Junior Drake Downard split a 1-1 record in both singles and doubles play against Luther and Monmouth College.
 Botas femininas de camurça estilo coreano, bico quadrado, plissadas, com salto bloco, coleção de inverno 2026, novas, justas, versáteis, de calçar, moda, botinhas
☆ ☆ ☆
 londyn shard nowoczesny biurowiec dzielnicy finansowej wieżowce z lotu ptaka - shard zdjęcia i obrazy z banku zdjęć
☆ ☆ ☆
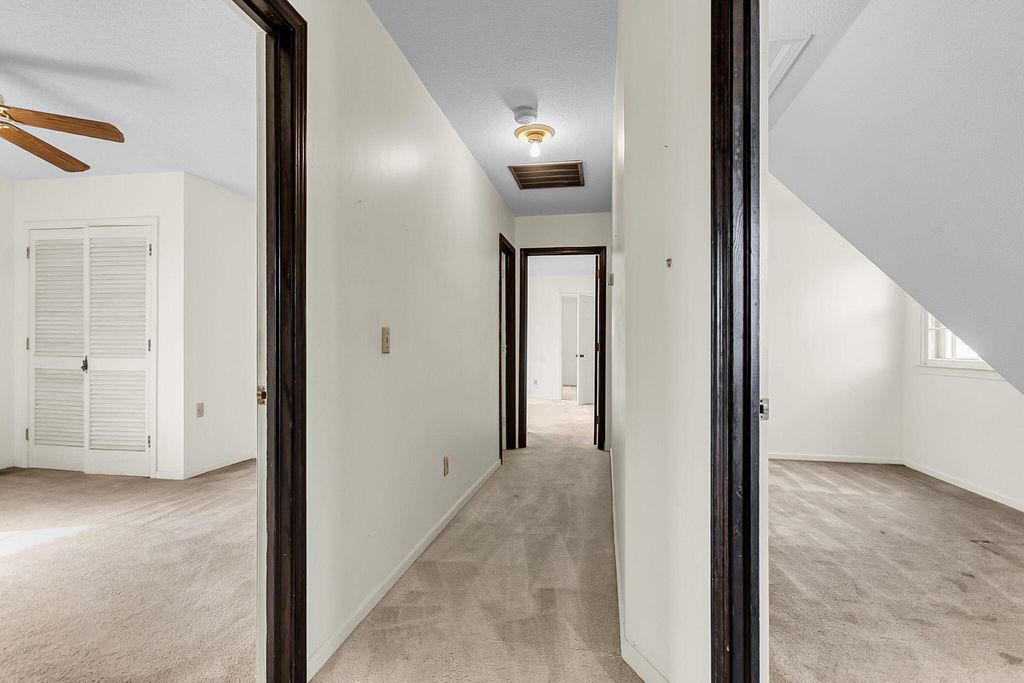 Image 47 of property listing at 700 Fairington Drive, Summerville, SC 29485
☆ ☆ ☆
# Work item
Copy the stretch of the records above that runs from the line with "Junior Drake Downard" through the line with "Botas femininas de". Both end lines belong in the copy, and nothing else does.

# Response
Junior Drake Downard split a 1-1 record in both singles and doubles play against Luther and Monmouth College.
 Botas femininas de camurça estilo coreano, bico quadrado, plissadas, com salto bloco, coleção de inverno 2026, novas, justas, versáteis, de calçar, moda, botinhas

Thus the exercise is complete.